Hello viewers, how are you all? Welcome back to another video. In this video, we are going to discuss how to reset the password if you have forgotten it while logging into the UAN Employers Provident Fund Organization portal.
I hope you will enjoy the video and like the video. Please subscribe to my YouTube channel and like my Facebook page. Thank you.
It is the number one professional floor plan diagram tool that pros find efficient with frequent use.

+++

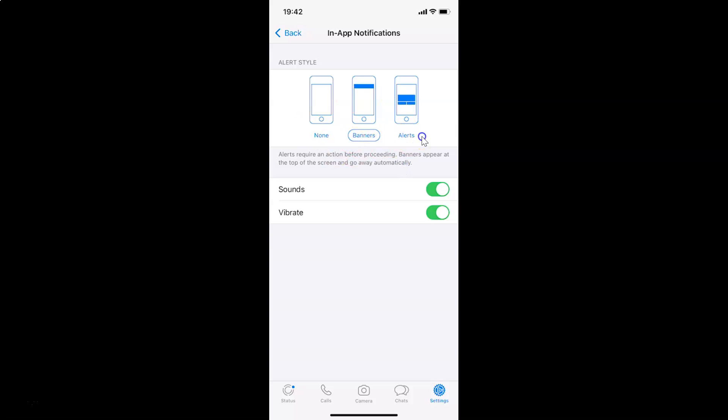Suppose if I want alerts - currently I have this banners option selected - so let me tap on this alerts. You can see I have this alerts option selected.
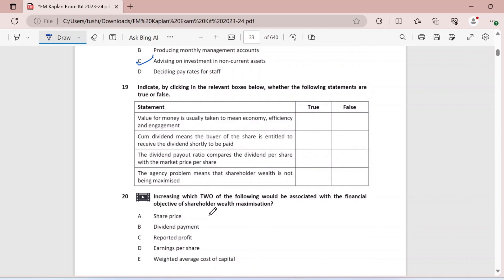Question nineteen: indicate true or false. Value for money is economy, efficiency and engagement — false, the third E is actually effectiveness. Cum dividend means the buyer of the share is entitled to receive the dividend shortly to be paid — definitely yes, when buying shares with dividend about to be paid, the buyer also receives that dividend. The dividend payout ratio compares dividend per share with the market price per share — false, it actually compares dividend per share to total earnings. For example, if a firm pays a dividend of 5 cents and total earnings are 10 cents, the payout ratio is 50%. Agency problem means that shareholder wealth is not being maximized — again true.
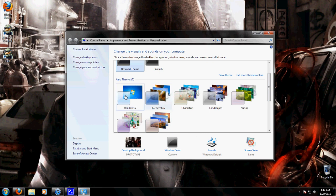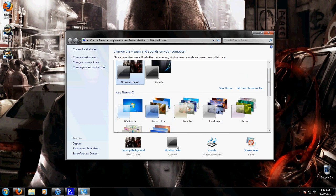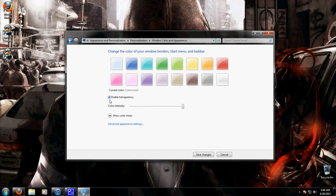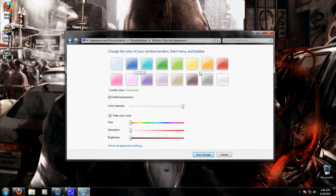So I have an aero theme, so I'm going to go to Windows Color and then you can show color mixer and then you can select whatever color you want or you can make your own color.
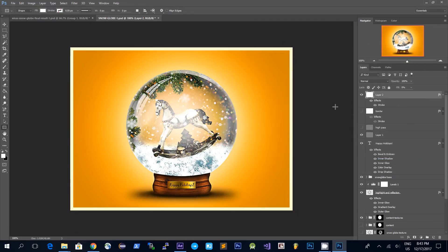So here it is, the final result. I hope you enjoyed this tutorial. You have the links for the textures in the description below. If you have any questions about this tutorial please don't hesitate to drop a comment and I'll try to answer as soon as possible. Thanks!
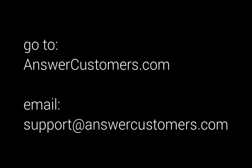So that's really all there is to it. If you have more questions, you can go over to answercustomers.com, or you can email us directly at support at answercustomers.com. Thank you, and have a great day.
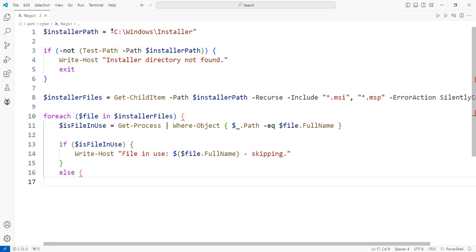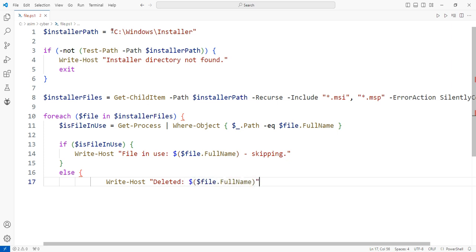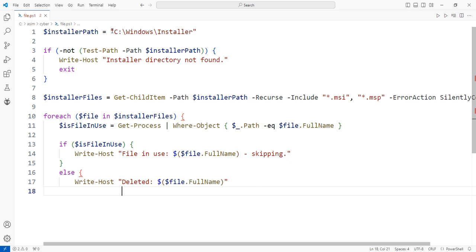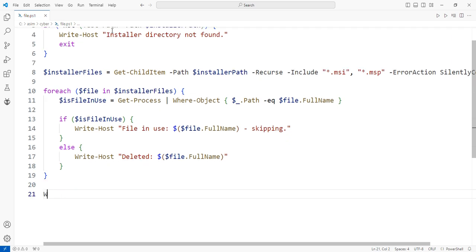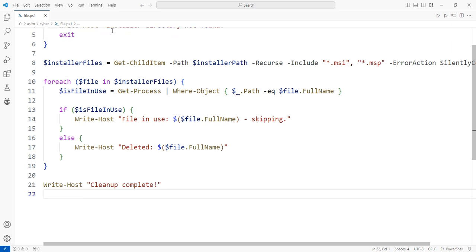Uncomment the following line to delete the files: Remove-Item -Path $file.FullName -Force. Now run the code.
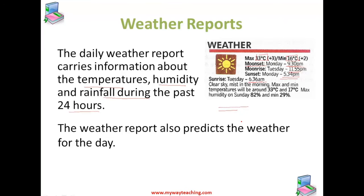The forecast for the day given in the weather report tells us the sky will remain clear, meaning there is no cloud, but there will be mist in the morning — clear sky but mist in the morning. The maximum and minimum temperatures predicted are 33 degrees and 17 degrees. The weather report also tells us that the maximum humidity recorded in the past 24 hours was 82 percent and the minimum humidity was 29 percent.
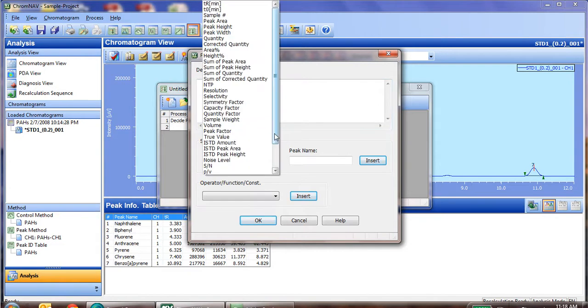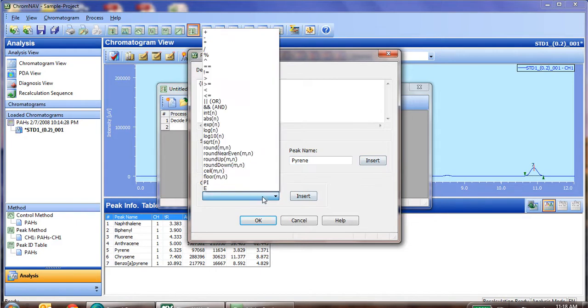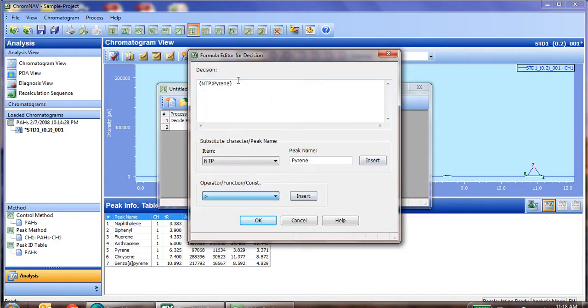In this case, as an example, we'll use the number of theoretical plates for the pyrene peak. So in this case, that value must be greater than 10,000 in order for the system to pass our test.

+++

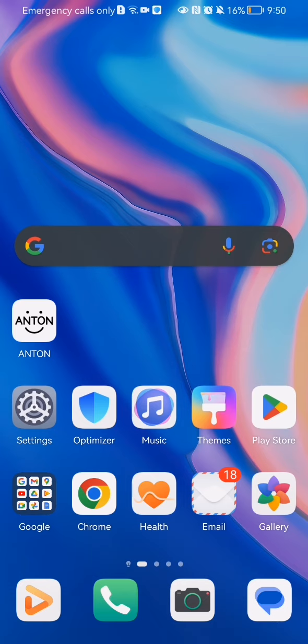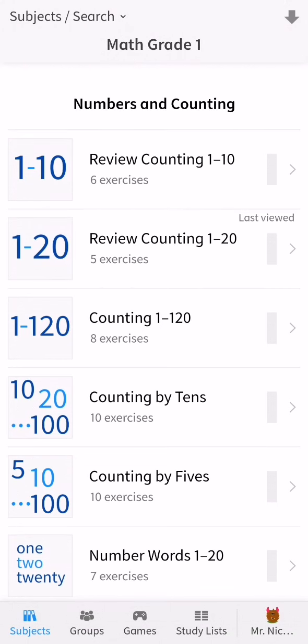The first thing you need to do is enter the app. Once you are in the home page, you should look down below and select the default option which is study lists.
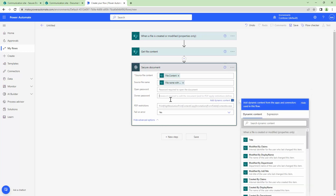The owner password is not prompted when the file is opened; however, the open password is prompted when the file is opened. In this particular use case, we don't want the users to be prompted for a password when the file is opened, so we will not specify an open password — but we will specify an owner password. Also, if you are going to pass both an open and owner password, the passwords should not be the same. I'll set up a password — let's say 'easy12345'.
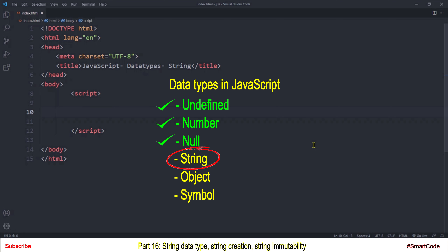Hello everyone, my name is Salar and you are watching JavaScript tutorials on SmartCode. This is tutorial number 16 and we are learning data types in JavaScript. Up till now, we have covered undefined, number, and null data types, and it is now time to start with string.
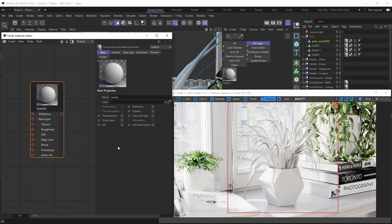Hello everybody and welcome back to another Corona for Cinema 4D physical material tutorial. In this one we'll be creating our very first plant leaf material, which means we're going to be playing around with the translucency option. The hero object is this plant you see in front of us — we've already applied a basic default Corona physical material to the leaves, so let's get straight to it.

+++

Required action: Range to copy from the listing above: the line with "Hello everyone, my" through the line with "Hello everybody and". Transcribe it exactly and skip the pictures.

Reply to the task:
Hello everyone, my name is Salar and you are watching JavaScript tutorials on SmartCode. This is tutorial number 16 and we are learning data types in JavaScript. Up till now, we have covered undefined, number, and null data types, and it is now time to start with string.
Hello everybody and welcome back to another Corona for Cinema 4D physical material tutorial. In this one we'll be creating our very first plant leaf material, which means we're going to be playing around with the translucency option. The hero object is this plant you see in front of us — we've already applied a basic default Corona physical material to the leaves, so let's get straight to it.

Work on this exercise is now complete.